Cliff, Thanks for an interesting discussion. A few points regarding your responses.
So jumping from a 240 grit edge to a 3k stone will give you a finish looking like a 3k edge, but a poor one indeed. This is obvious under magnification. You are abrading the peaks of the 240 grit scratch pattern and leaving the depth of the scratches not being removed. The overall look of the edge bevel will look 3k 'ish' but this is not an ideal 3k edge at all. While this is an interesting 'experiment', the conclusion is 'don't do this'. Further compounding this experiment with a leftover heavy burr reduces this 'experiment' to a poorly designed experiment with too many variables to draw useful conclusions.

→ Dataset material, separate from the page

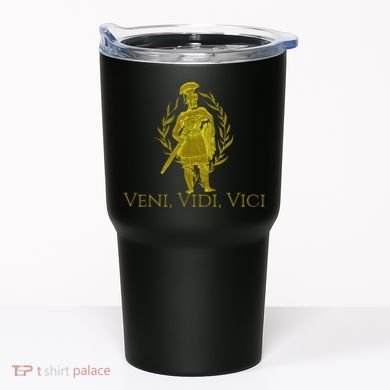 Julius Caesar Ancient Rome Veni Vidi Vici Tumbler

The cutting rate of the stone is also not the critical parameter - it is the duration of abrasion at that grit times the abrasion rate, ie the total amount of metal removed to reduce or eliminate the coarser scratch pattern. The scratch pattern of the bevel is an indication of the actual edge characteristics, compounded by how closely the two sides meet, any damage from burr removal producing fractured and weakened metal, etc. This problem of properly removing the scratch patterns from previous stones is abundantly clear when reviewing kasumi finishes produced by natural stones.

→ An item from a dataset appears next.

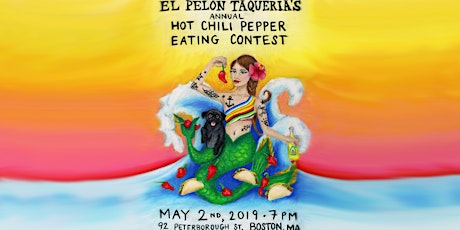 Imagen principal de 2019 18th Annual El Pelon Chili Pepper Eating Contest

If you are sharpening a Rex121 blade, I don't know that using a stone like a 700 Bester is a useful experiment for bevel setting. Most people on this forum KNOW that this is so suboptimal that they wouldn't do that. For a task like this, diamonds or CBN are a far better solution, especially for determining the primary bevel. This is a particularly abrasion resistant steel (high vanadium carbide content) and cutting this steel with a stone with softer abrasives does little more than wear a stone down, producing an inconsistent bevel angle in the process of dishing the stone. IMHO, this is a pointless exercise. Not really what I would call academic. So for instance, you could hammer in a nail with the handle of a screwdriver, but as you state, "not the stone to do that at all ". In fact, even a collection of stones is not an ideal solution for this type of steel. For most, an ideal approach is of far more interest than demonstrating the results of perseverance with the wrong tool for the job.
Cliff, you are using two definitions of the word 'bias' simultaneously. Biased as in 'I am biased' and when referring to 'edge bias', where you imply that this is a lack of symmetry. Neither use is very useful in redefining the meaning of a burr. And of course these distorted definitions have absolutely nothing to do with any 'academic definition'.

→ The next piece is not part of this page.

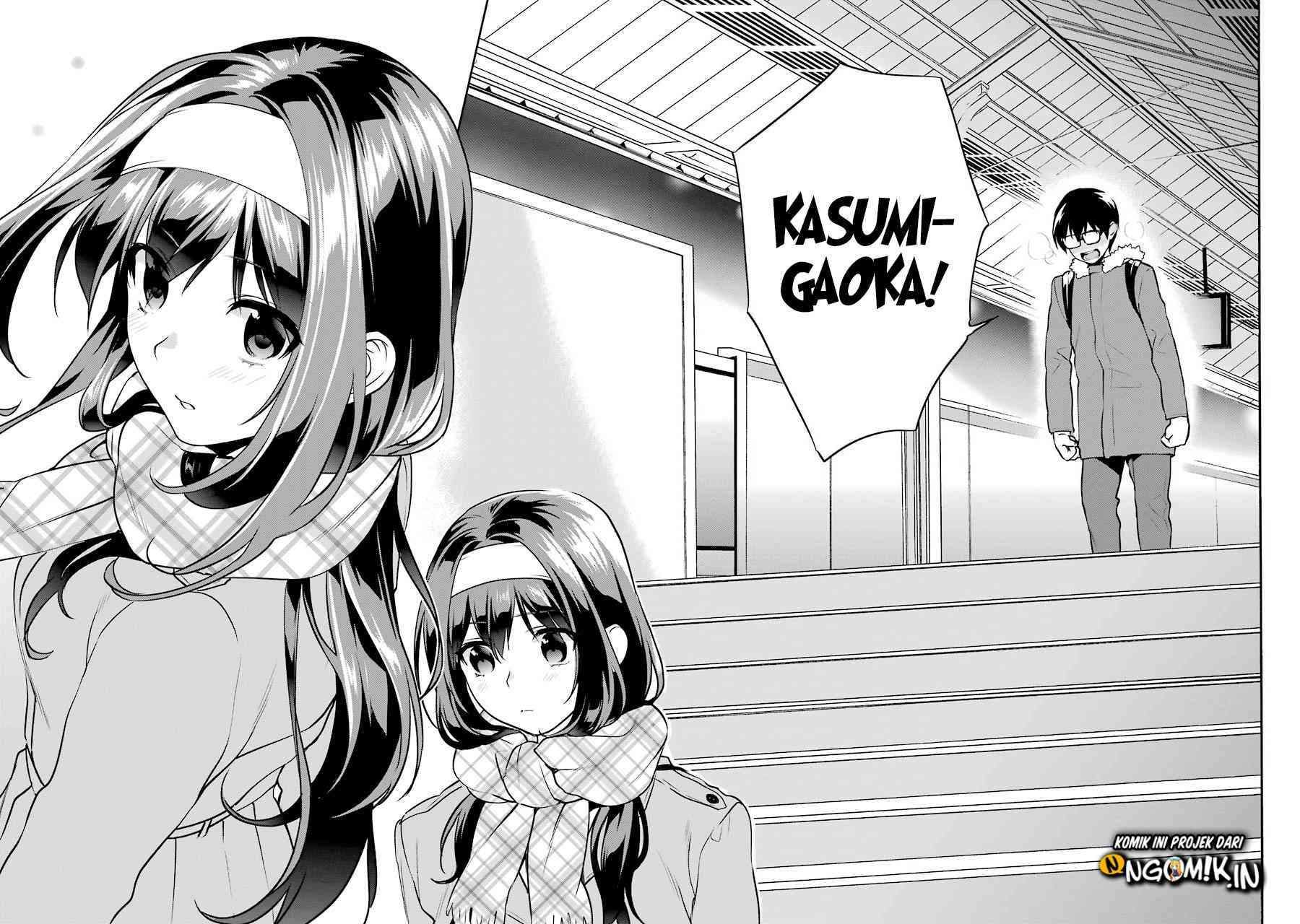 Saenai Heroine no Sodatekata: Koisuru Metronome Chapter 40 Gambar 21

"you say a result it biased as it isn't the true/ideal result if all non-wanted influences were removed. " This is a confused statement.
If you say a true/ideal result [IS, not it] biased because it isn't the true result if non wanted influences are removed' there are some double negatives in this statement. I believe you meant that the true/ideal result is biased because the non-wanted [unwanted] influences are not removed.
What you are describing 'academically' is referred to in statistics as 'covariance'. Again you are distorting the term 'bias' in yet an additional way to confuse the discussion of what a burr is. Uncontrolled covariance due to multiple variables in an experiment is academically referred to as poor experimental design
It makes it MUCH harder to attribute the variable of interest as having a causative relationship.
We should go back to a more basic understanding of what a burr is and avoid introducing 'bias' into the discussion especially with multiple definitions of the word 'bias'. This is simply obfuscating an otherwise straightforward discussion.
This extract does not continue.